This is the second entry, and probably the last, on model validation methods. These posts are inspired by the work of Kohavi (1995), which I totally recommend reading. This post will talk talk about the Leave-One-Out Cross Validation (LOOCV), which is the extreme version of the K-Fold Cross Validation and the Bootstrap for model assessment.
Let’s dive in!
The LOOCV is actually a very intuitive idea if you know how the K-Fold CV works.
This is surprisingly easy to implement in R.
library(tidyverse)
set.seed(21341)
loo_result <-
map_lgl(1:nrow(mtcars), ~ {
test <- mtcars[.x, ] # Pick the .x row of the iteration to be the test
train <- mtcars[-.x, ] # Let the training be all the data EXCEPT that row
train_model <- glm(am ~ mpg + cyl + disp, family = binomial(), data = train) # Fit any model
# Since the prediction is in probabilities, pass the probability
# to generate either a 1 or 0 based on the probability
prediction <- predict(train_model, newdata = test, type = "response") %>% rbinom(1, 1, .)
test$am == prediction # compare whether the prediction matches the actual value
})
summary(loo_result %>% as.numeric) # percentage of accurate results
# Min. 1st Qu. Median Mean 3rd Qu. Max.
# 0.0000 0.0000 1.0000 0.5938 1.0000 1.0000
It looks like our model had nearly 60% accuracy, not very good. But not entirely bad given our very low sample size.
Advantages:
Just as with the K-Fold CV, this approach is useful because it uses all the data. At some point, every rows gets to be the test set and training set, maximizing information.
In fact, it uses almost ALL the data as the original data set as the training set is just N - 1 (this method uses even more than the K-Fold CV).
Disadvantage:
This approach is very heavy on your computer. We need to refit de model N times (although there is a shortcut for linear regreesion, see here).
Given that the test set is of only 1 observation, there might be a lot of variance in the prediction, making the accuracy test more unreliable (that is, relative to K-Fold CV)
The bootstrap method is a bit different. Maybe you’ve heard about the bootstrap for estimating standard errors, and in fact for model assessment it’s very similar.
Again, the R implementation is very straightforward.
set.seed(21314)
bootstrap <-
map_dbl(1:500, ~ {
train <- mtcars[sample(nrow(mtcars), replace = T), ] # randomly sample rows with replacement
test <- mtcars
train_model <- glm(am ~ mpg + cyl + disp, family = binomial(), data = train) # fit any model
# Get predicted probabilities and assign a 1 or 0 based on the probability
prediction <- predict(train_model, newdata = test, type = "response") %>% rbinom(nrow(mtcars), 1, .)
accuracy <- test$am == prediction # compare whether the prediction matches the actual value
mean(accuracy) # get the proportion of correct predictions
})
summary(bootstrap)
# Min. 1st Qu. Median Mean 3rd Qu.
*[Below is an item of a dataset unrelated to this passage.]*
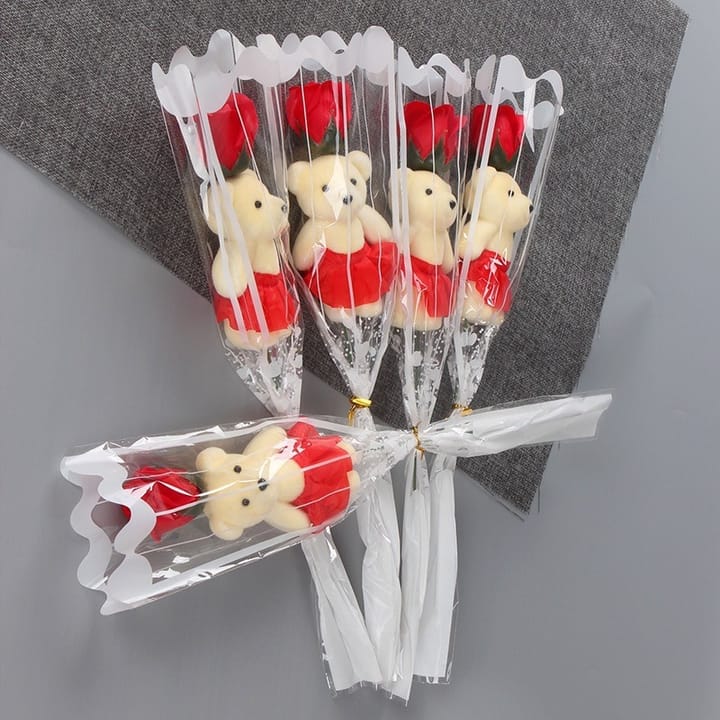 The Mini Bear Rose Bouquet, Red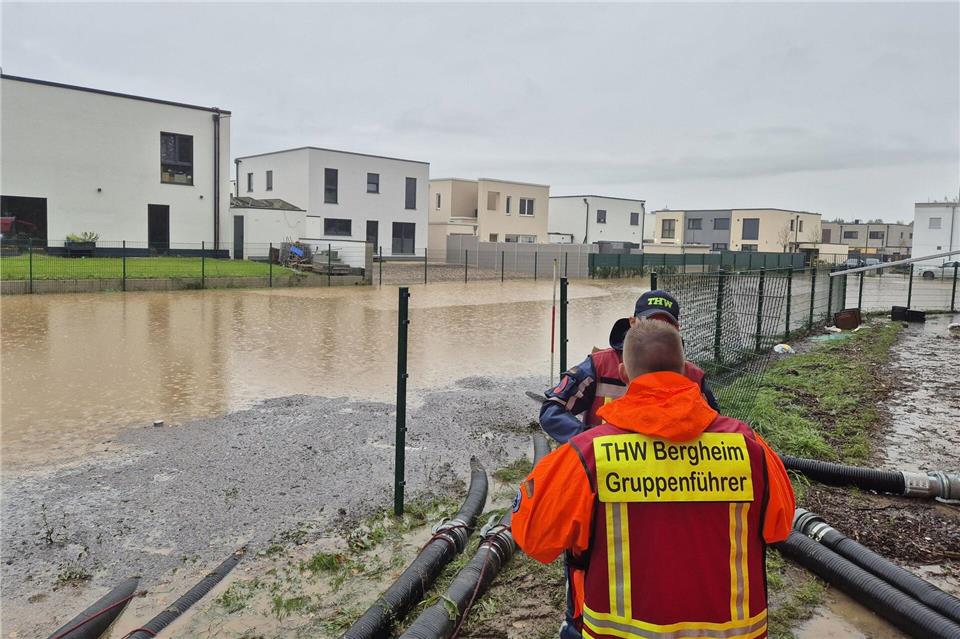 Großeinsatz in NRW: Starkregen flutet Straßen und Keller Vor einigen Häusern stieg am Morgen das Wasser.Sascha Thelen/dpa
Max.
# 0.4375 0.6875 0.7500 0.7468 0.8125 0.9375
We got a better accuracy with the bootstrap (probably biased, see below) and a range of possible values going from 0.43 to 0.93. Note that if you run these models you’ll get a bunch of warnings like glm.fit: fitted probabilities numerically 0 or 1 occurred
because we just have too few observations to be including covariates, resulting in a lot of overfitting.
Advantages:
Disadvantages
In the end, it’s a trade-off against what you’re looking for. In some instances, it’s alright to have a slightly biased estimate (either pessimistic or optimistic) as long as its reliable (bootstrap). On other instances, it’s better to have a very exact prediction but that is less unreliable (CV methods).
Some rule of thumbs:
For large sample sizes, the variance issues become less important and the computational part is more of an issues. I still would stick by repeated CV for small and large sample sizes. See here
Cross validation is a good tool when deciding on the model – it helps you avoid fooling yourself into thinking that you have a good model when in fact you are overfitting. When your model is fixed, then using the bootstrap makes more sense to assess accuracy (to me at least). See again here
Again, this is a very crude approach, and the whole idea is to understand the inner workings of these algorithms in practice. For more thorough approaches I suggest using the cv
functions from the boot
package or caret
or modelr
. I hope this was useful. I will try to keep doing these things as they help me understand these techniques better.